Jio’s new tariffs at 7-20% discount to incumbents; Ebitda rises by US$1.1-1.3bn
Jio’s new tariffs for smartphone users will be applicable from 6 Dec 2019. These tariffs are at a 7%-20% discount to comparable incumbent plans of which means Jio’s relative competitive advantage remains quite high. The difference in allowance of off-net minutes and the introduction of some new plan categories makes a neat comparison difficult for Jio’s existing versus new plans. However, a comparison of the cheapest all-in one plans for various durations reveals a tariff hike of 15%-25% by Jio. Notably, Jio is yet to reveal new tariffs for JioPhone users. The new tariffs drive a c.25% increase, ie US$1.1bn/US$1.3bn rise in Jio’s FY21/22 Ebitda. Modelling for higher depreciation and interest expense limits the rise in the consolidated FY21/22 EPS of Reliance to 6%/8%. We continue to assume another 10% tariff hike in April 2021.

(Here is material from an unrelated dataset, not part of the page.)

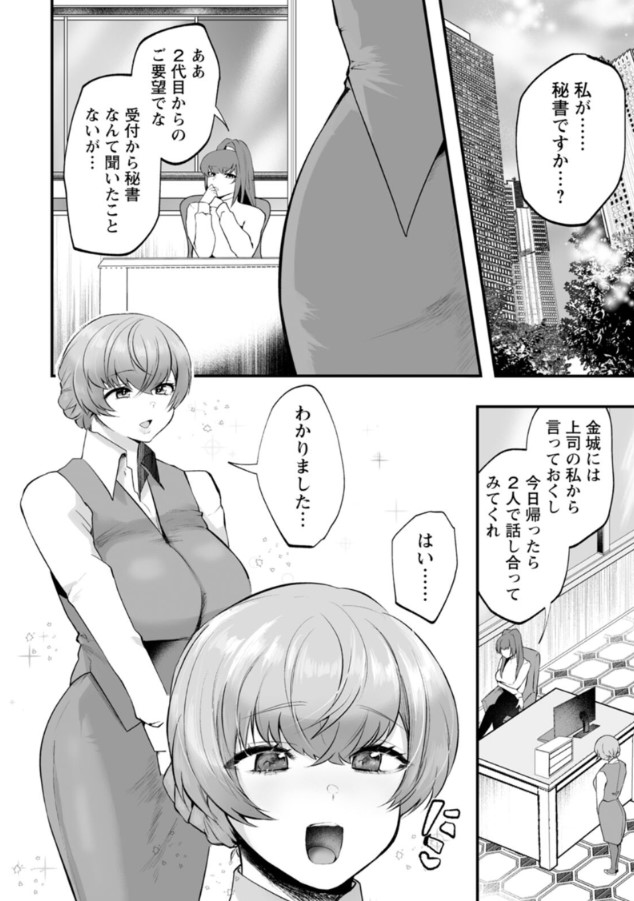 【えろまんが】今日も社長専用のオナホになってる人妻秘書さんがシコリティーすぎるwww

Further upside possible to Jio’s earnings forecast
We see clear drivers for further upgrades to Jio’s forecast. First, we still do not bake-in any near-term hike in JioPhone tariffs, which may be revealed soon. Second, we model a burden of Rs44bn-Rs48bn in the form of interconnect costs. With recent action to charge for off-net calls, there is a chance this impact may be notably reduced. This could raise Jio’s Ebitda by 10%-12%. Finally, like before, we build our smartphone tariff forecast using the cheapest 84-day plan. However, we see that our per day premium for the 28-day versus 84-day plan has fallen from 17.5% to 7.5%. This may make customers move to 28-day plans which could potentially raise Jio’s FY21 revenue and Arpu by 6% and Ebitda by 11%.

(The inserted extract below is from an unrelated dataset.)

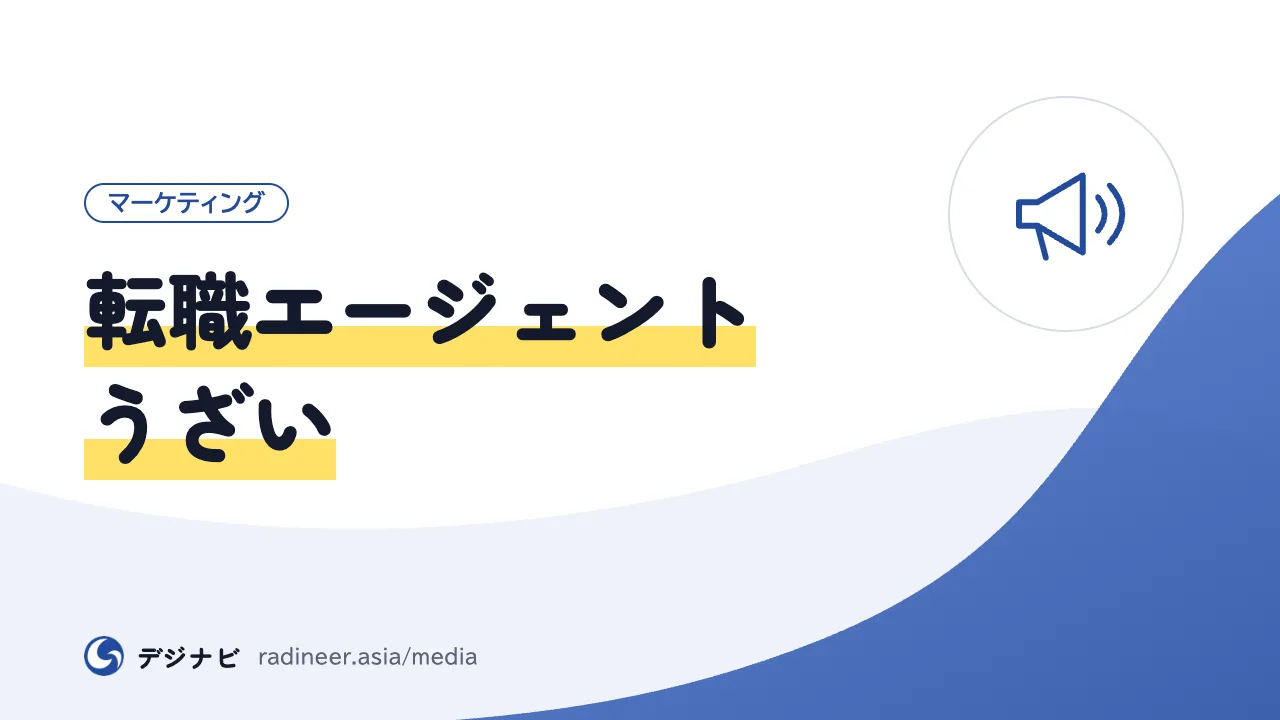 転職エージェント うざい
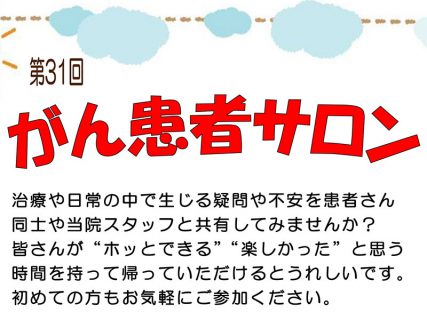 5月10日（金）にがん患者サロンを開催しました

Raise target to Rs2,010 & Reliance Industries’ EV may inch up c.US$200bn
Our higher Ebitda, and as we roll forward our forecast period, drives an increase in our target price from Rs1,710 to Rs2,010. We forecast Reliance’s EV to inch near US$200bn by Mar 2021. Strong earnings momentum due to a refining margin boost from IMO along with the benefit of tariff hikes will be a near-term positive. The closure of the fibre and Aramco deal, the start of the petcoke gasification project, launch of its ‘New Commerce’ business in retail and any progress on stake sales in the digital business are other triggers. We reiterate our BUY rating (+29%).